This latest assertion by Clinton official Harold Ickes is quite disturbing. Chris Bowers (and others) have made the case that whoever wins the pledged delegate count will control the credentials committee at the Convention, and therefore control the disposition of Michigan and Florida's delegates. If true, that is good news because whoever wins the primaries will also win FL and MI, assuring that the fake beauty contest elections won't subvert the will of the voters. But now Ickes says:
Ickes repeated earlier contentions that there was no reason to "re do" the votes in Florida and Michigan and didn’t directly answer if they would participate in a re-vote in Michigan. Ickes also acknowledged that it would be possible for Clinton to lose pledged delegates but control a majority of the credentials committee, which ultimately decides if and how Florida’s and Michigan’s disputed delegations would be dealt with.

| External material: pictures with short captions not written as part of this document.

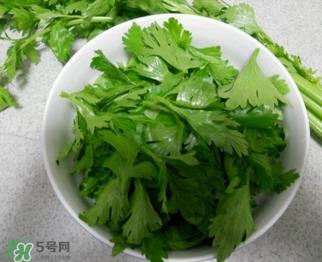 芹菜叶能吃吗?芹菜叶可以吃吗 芹菜叶能吃吗?芹菜叶可以吃吗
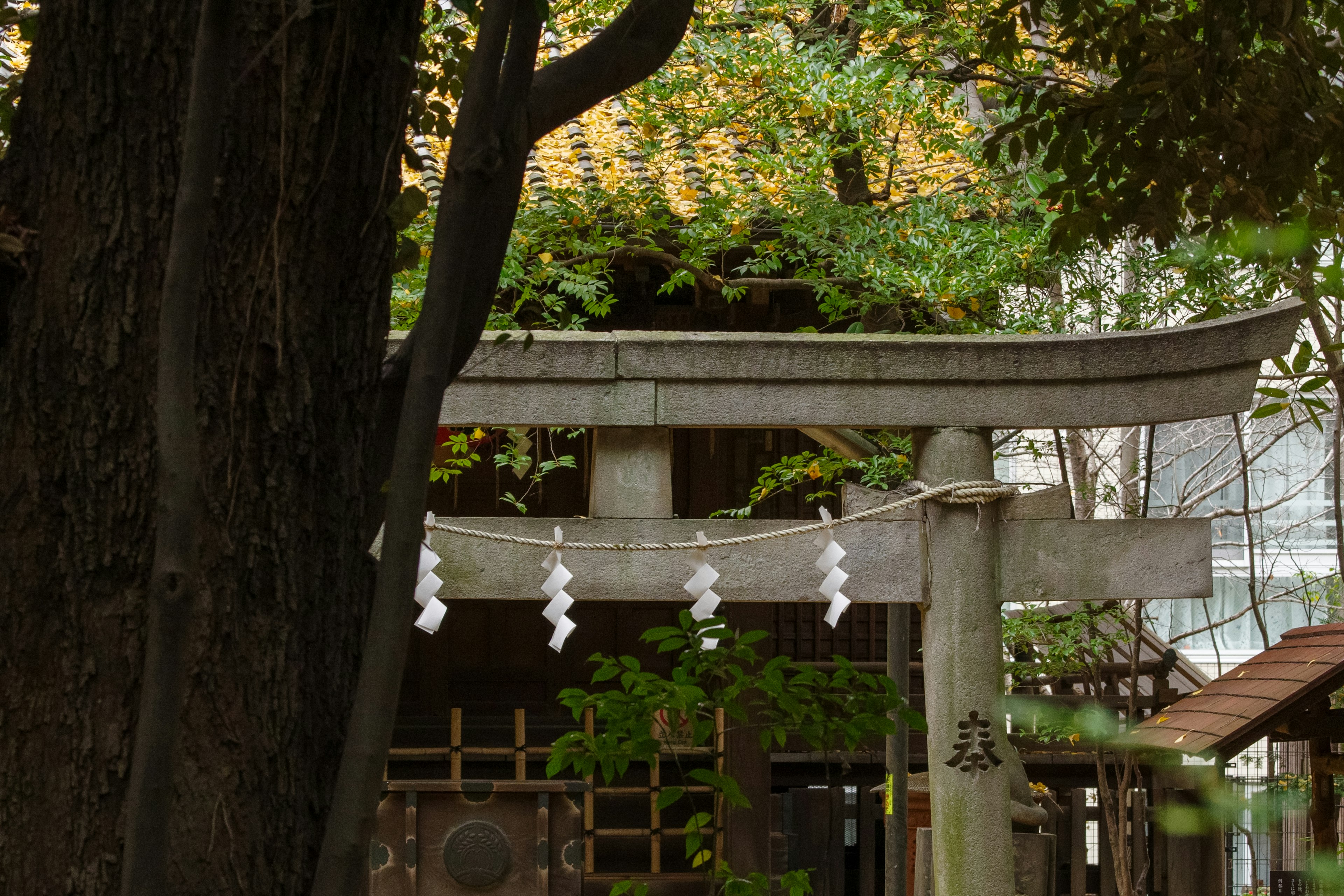 Torii gate of a shrine surrounded by trees with white shimenawa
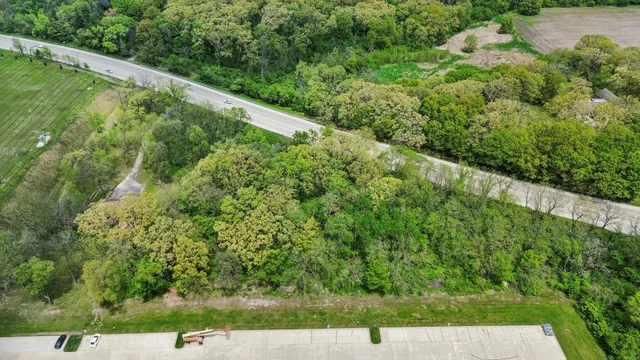 a view of a yard with large trees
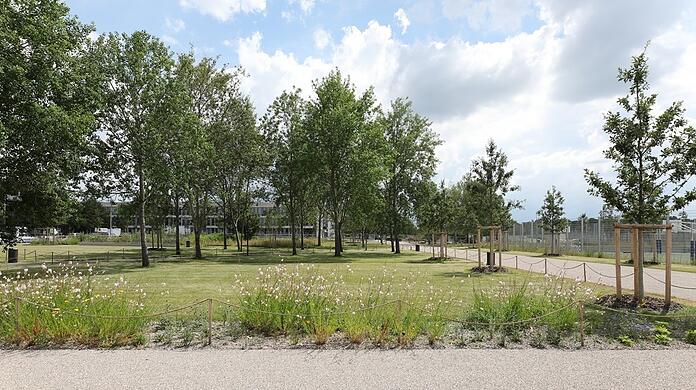 Der neue Park in Riem mit vielen Pappeln.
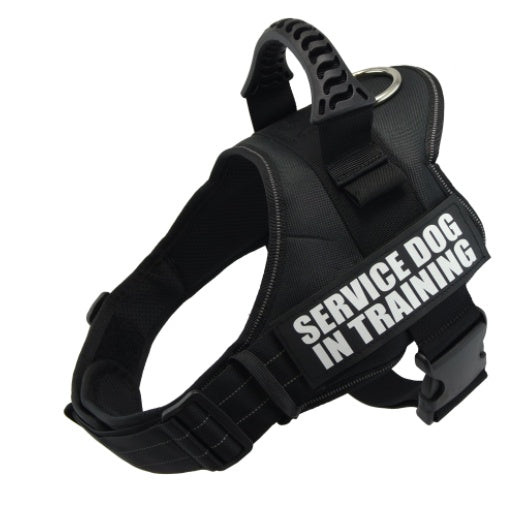 Explosion-proof Brust Harness Pet Leine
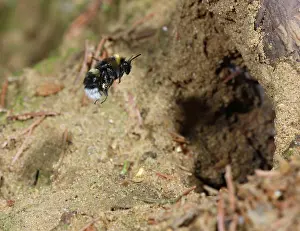 Bombus: Bumble Bee - flying to nest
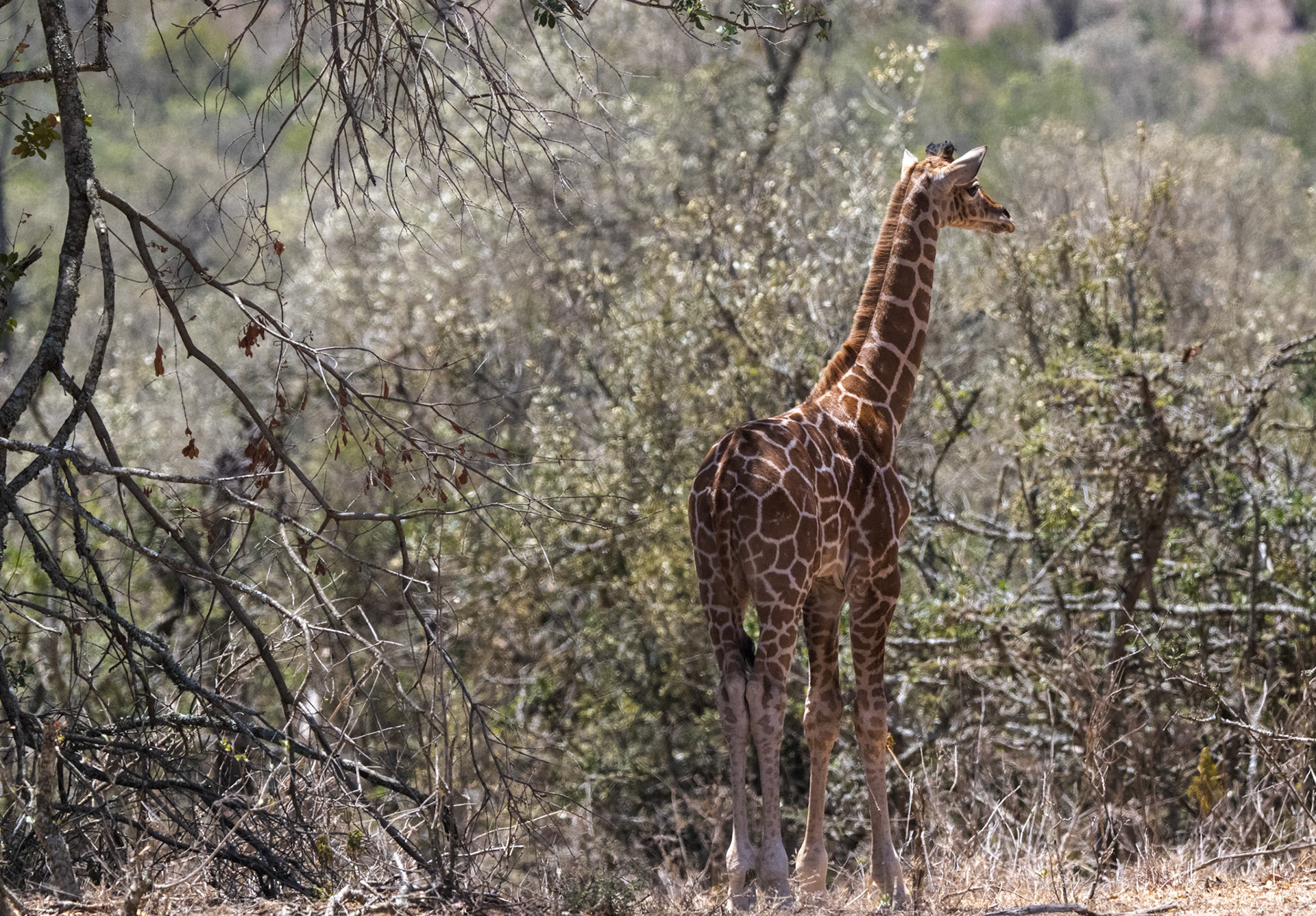 Reticulated Giraffe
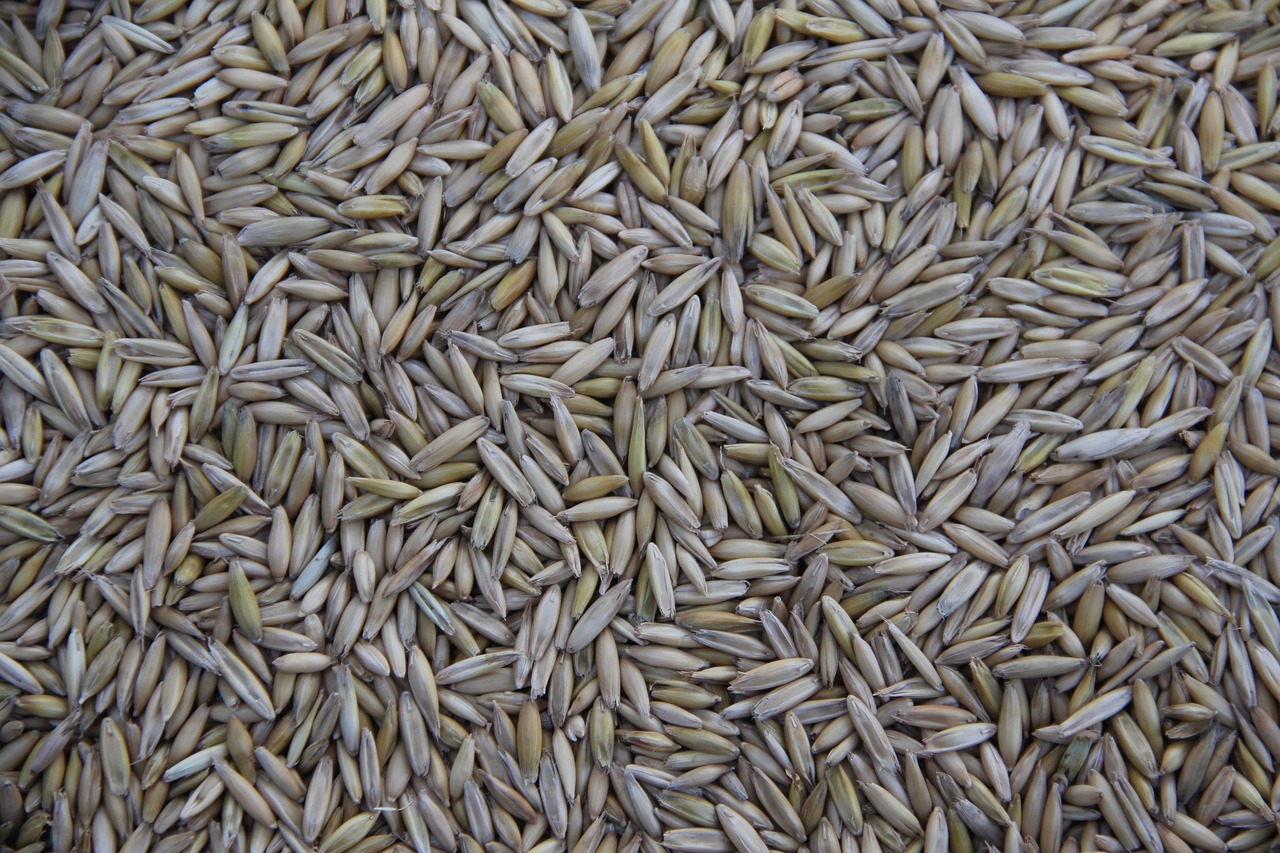 Cereal, grain, farming — Beyond the Diagnosis: Dr. Julie Taguchi's Journey in Chronic Condition Care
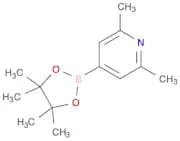 2,6-DIMETHYLPYRIDINE-4-BORONIC ACID, PINACOL ESTER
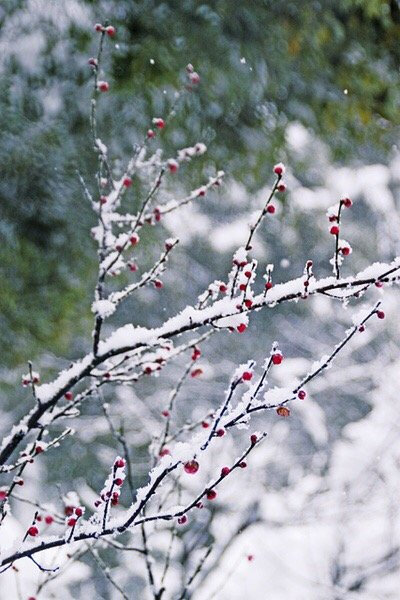 有梅无雪不精神，有雪无诗俗了人。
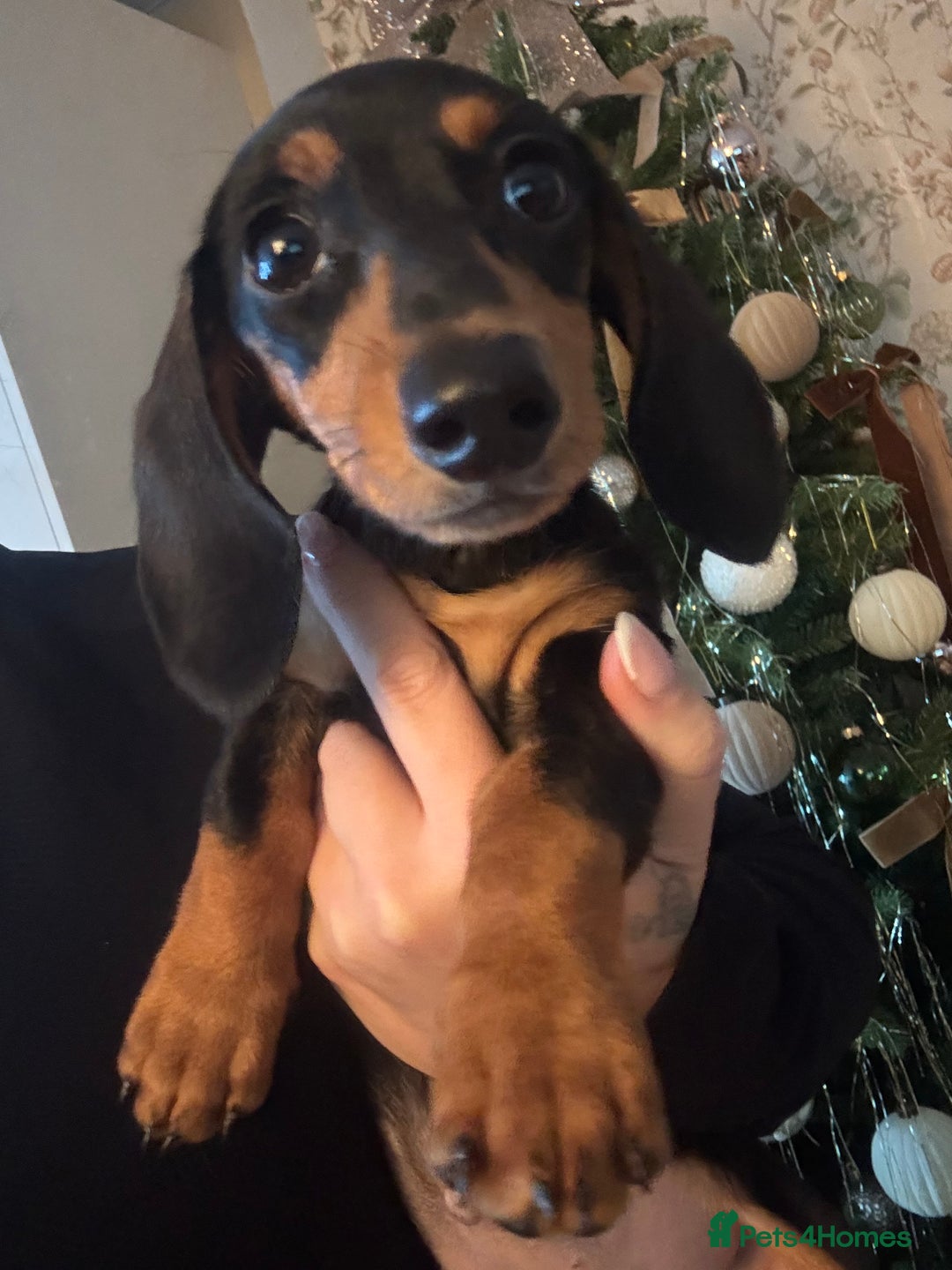 Miniature Dachshund dogs for sale: Beautiful miniature dachshund - Advert 1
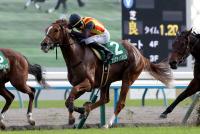 <strong>フェスティバルヒル</strong>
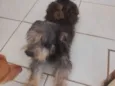 Gordo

Is Ickes blowing smoke? If not, we could face the situation where Obama wins the pledged delegates, but Hillary then uses the credentials committee to ramrod Florida and Michigan's fake election delegates into the count, upsetting the popular will of the voters and the rules set down by the DNC. If that happens, it could be Florida 2000 all over again, except this time we will have done it to ourselves.
Should I be concerned here? Any DNC rule committee gurus care to set the record straight?
Update [2008-2-16 15:40:41 by pontificator]: In comments below, DHinMI clarifies the issues:
There are (iirc) 183 votes on the credentials committee. (185 people, but the people from the territories only get fractional votes.) Approx 150 are apportioned from the states in proportion of who recieved how many votes. The other 30 are appointed by the Chair.
. . .
[U]nless someone has a big lead in pledged delegates, nobody will have enough votes on the credentials committee to approve the seating of MI and FL without getting support from at least a few of the people appointed to the committee by the Chair. So it will be important, if we get in to this mess, that Dean take a position against seating those delegations in the absence of an approved contest, and then appoint people to the committee that will vote his position and be steadfast in their committment to voting as he wants them to.